**Data segment**
+ + + + + + +
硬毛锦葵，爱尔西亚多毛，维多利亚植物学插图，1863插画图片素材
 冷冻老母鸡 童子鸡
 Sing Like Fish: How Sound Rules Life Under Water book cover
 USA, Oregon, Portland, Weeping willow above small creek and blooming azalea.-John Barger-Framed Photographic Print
+ + + + + + +
**Assigned task**
Output the material above in full. Change nothing.

**Answer to the exercise**
硬毛锦葵，爱尔西亚多毛，维多利亚植物学插图，1863插画图片素材
 冷冻老母鸡 童子鸡
 Sing Like Fish: How Sound Rules Life Under Water book cover
 USA, Oregon, Portland, Weeping willow above small creek and blooming azalea.-John Barger-Framed Photographic Print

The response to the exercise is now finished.